It was thus, in Wilkes’s absence that the House of Commons went on to consider the charges against him of seditious libel as author and publisher of the North Briton. Witnesses were heard at the bar, including one of Wilkes’s former employees, Michael Curry. Curry had been key to the ministry’s prosecution in providing copies of the Essay on Woman for the Lords. Now, for the Commons, he provided critical information about Wilkes’s involvement in the authorship and reprinting of the North Briton. Once all the evidence had been heard, Lord North (the future prime minister) proposed two motions. One, that Wilkes was the author and publisher of a ‘false, scandalous and seditious libel’; two, that Wilkes should be expelled from being a Member of Parliament. Early in the morning of 20 January the Commons voted in favour of both motions, thereby ejecting Wilkes from Parliament.

Wilkes had been badly served by those on his side of the question in the debates. Some of his closest former associates, notably Pitt, had chosen not to appear to defend him. Pitt had been disgusted by the revelations about the Essay on Woman, and the two men never truly reconciled. As for Wilkes, himself, he did not take his expulsion lying down. In October he published A Letter to the Worthy Electors of the Borough of Aylesbury in the County of Buckinghamshire, responding to the allegations against him. After all, one of the lesser noticed consequences of his removal from Parliament was the need for the people of Aylesbury to find themselves a new MP.

John Wilkes is sat on a chair at a desk that has a writing slope on top.
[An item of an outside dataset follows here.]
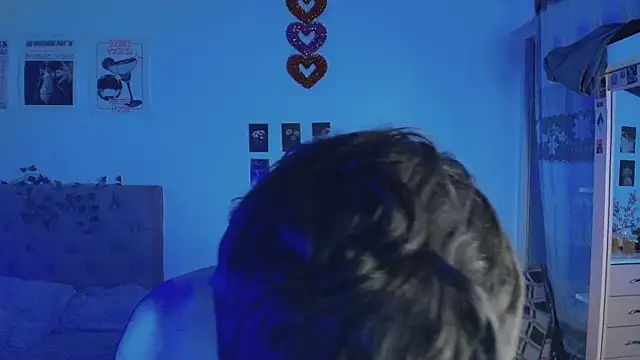 Snapshot of 2cyboy_ chatting on 09-23-25, 08:34 2cyboy online show from 09-23-25, 08:34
He is holding a feather quill in his right hand. On the desk is an unrolled piece of paper with writing on it and an ink pot. Wilkes is wearing a long coat, breeches, and shoes with a buckle.
(c) Trustees of the British Museum

The Letter opened with an offer of thanks to his former constituents for:

The very honourable, unanimous, and repeated marks of esteem, you conferred on me, by committing to my trust your liberty, safety, property, and all those glorious privileges which are your birthright as Englishmen…

Letter to the Worthy Electors of Aylesbury

Referring to himself as ‘your deputy to the great council of the nation’, Wilkes then proceeded to address, point by point, the case against him, both over the North Briton and the Essay on Woman. He was unable to resist, towards the end, falling into invective against those he considered his chief foes. William Murray, Lord Mansfield was dubbed his ‘personal enemy’, while particular opprobrium reserved for the earl of Bute:

A Stuart only could make the refinement in tyranny, of ransacking and robbing the recesses of closets and studies, in order to convert private amusements into state crimes…
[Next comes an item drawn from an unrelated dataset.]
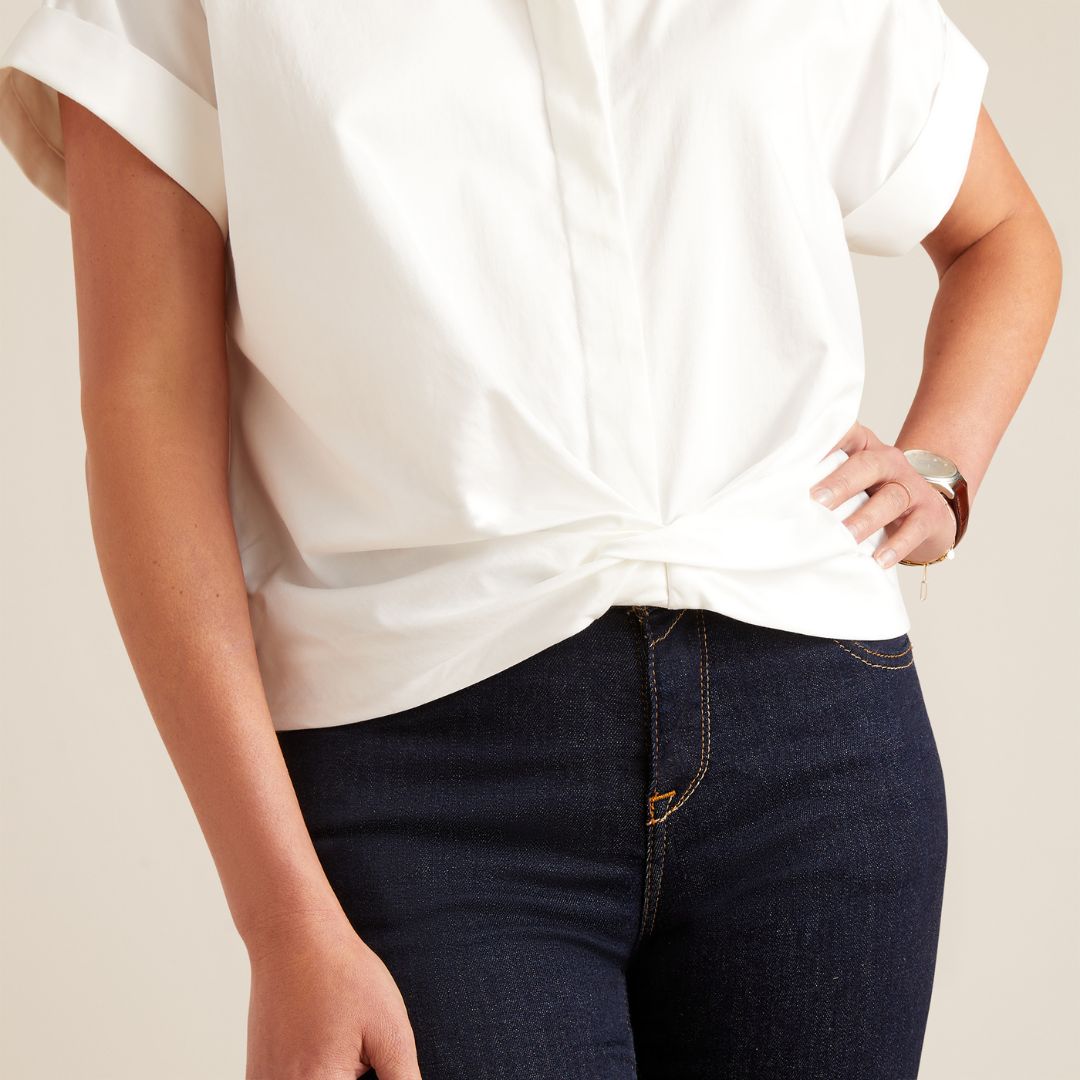 Ariat Women's Brookside Shirt in White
Letter to the Worthy Electors of Aylesbury

Of course, all of this was to little purpose. On 25 January, just five days after his expulsion, Wilkes had been replaced at Aylesbury by Anthony Bacon. For all Wilkes’s hyperbole about the electors of Aylesbury, their new MP could not have been more different to the ‘friend of liberty’. Bacon was an American by birth, a government contractor and a dealer in slaves. Having paid heavily to secure the place, Bacon would remain one of the borough’s MPs for the next 20 years.

RDEE

Further Reading:

REM Peach, The Life and Times of Ralph Allen of Prior Park (1895)

PDG Thomas, John Wilkes: A Friend to Liberty (Oxford, 1996)

PRONI, Rawdon Papers, D2924

John Wilkes, A Letter to the Worthy Electors of the Borough of Aylesbury in the County of Buckinghamshire (1764)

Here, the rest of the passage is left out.